On the other side is Quake and buddies. Allowing you to control your position and direction with exquisitely fine control, the game's complexity arises from the natural, physical complexity of the rules combined with the nature, physical detail of the controller.

A game with that high level of physical complexity but a less complex controller is not the same at all. There are many games which have the same basic physical nature as a first person shooter - for example, Crackdown. However, their control system is not as fine: Crackdown's aiming system is automatic instead of the skill test you'll find in Quake. There are other examples.

I spoke of "grooved space", such as what you find in Sly Cooper. Sly Cooper's physical complexity is about as high as Quake, but the gameplay is radically different because the way you interact with that complexity is very different. Sly's acrobatics are largely helped along by Sly himself: you jump for a spire, he lands on the spire, no need to worry about pixel-perfect exactness.

As pointed out by Mory, this can lead to a boring game: it reduces the amount of skill required by a tremendous amount. However, in Sly's case, this reduction does not harm the game. It helps the game, because the game's main skill focus is on timing. All of the jumping around and combat and so forth is made much simpler so that the game can focus on timing.

The game eagerly switches between kinds of timing, running the gamut from Solid-Snake-like sneaking to Sonic-the-Hedgehog-like sprinting and jumping. It even has its Guitar Hero moments. But this breadth of experience wouldn't be possible if the low-level skill challenges were really hard. It would require too much effort for the player to just DO things, let alone do them with proper timing.

There's no "right answer": a game with a very low-grain interaction can be fun: play Rock Band. A game with a very high-grain interaction can be fun: play Quake. And everything in the middle can be fun, too. But they are very different approaches, and their side effects need to be understood by the developers. That's why Sly 2 & 3 weren't so hot.

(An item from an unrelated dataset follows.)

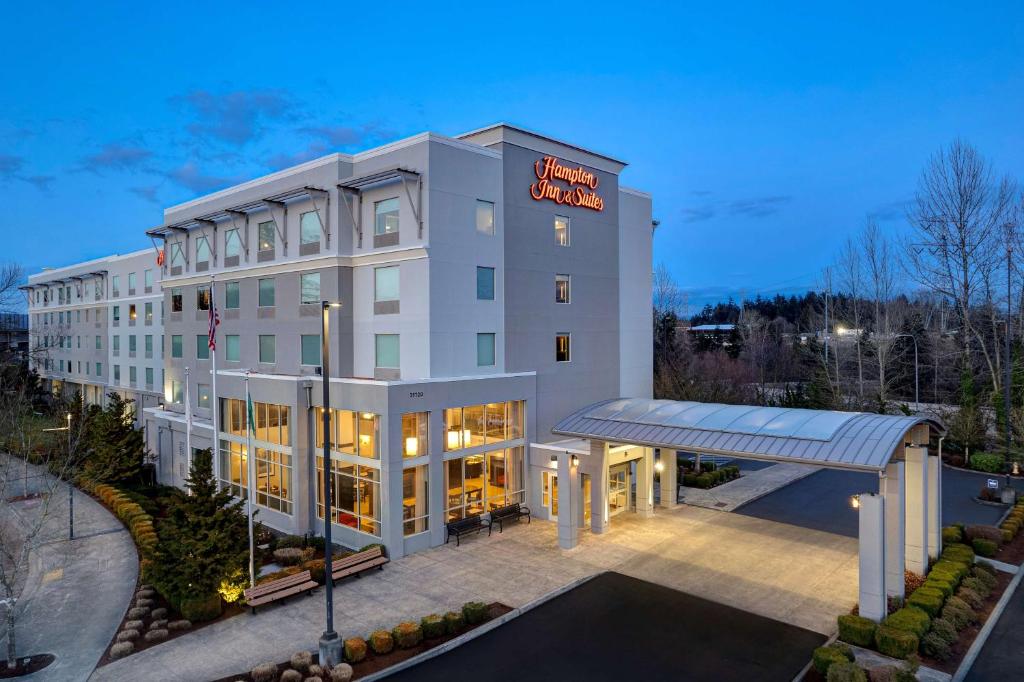 - un grand bâtiment blanc avec un panneau dans l'établissement Hampton Inn & Suites Seattle/Federal Way, à Federal Way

As a side note, I've been giving examples of games where the space is complex and the controls are simple, but the opposite is also possible and, in fact, almost indistinguishable. Thinking about space and how the player moves through it as two separate elements is not a good idea: it's really one element. Game space-time, you could say.

For example, in Crackdown, movement is very high-grain. You have as much control over your movement as you do in Quake, and you have much better movement capabilities. However, it's not usually a high-skill situation: the world is carefully designed to fit your capabilities, so being a bit rough on the controls works out fine. It's the same result as Sly's "yes, I can land on that spire", but approached from the other side.

Whew.

Do you see what I mean? What games are you playing, and where do they fall on this scale?

2 comments:

Olick said...

Since I don't have power I'm not playing any games. However I play Rock Band, which is of course.. well it has no significant choices. You either get the note right or don't. But I still enjoy the game much, probably in no small part because I enjoy the music so much.

Other than that I've been playing.. Rpgs? Oh, and Super Mario Galaxy. Super Mario Galaxy is great. When it comes to granularity, it sorta operates in a medium. Attacks are forgiving, pointing in the general direction works for shells, spin attacks similarly work for longer than they seem to. Jumping is less forgiving, and while preciseness is not a requirement, it is a benefit. Its still sort of a middle requirement. Some things seem to happen automatically. Pull stars always get you close enough to the next planetoid, large enough jumps always happen to switch your gravity to the planetoid you were aiming at (if you aimed right). I think its an example of Crackdown style grainyness. Its not that jumping from X places lands you on another asteriod, its that the gravities and distances are precisely placed so that you can reach the target you need to.

I suppose shooting stars are examples of low-granularity, fire from a cannon, and maybe have another cannon in the middle of the path, or have some star bits to pick up.

Craig Perko said...

Yeah, that's about what I was thinking about Super Mario Galaxy.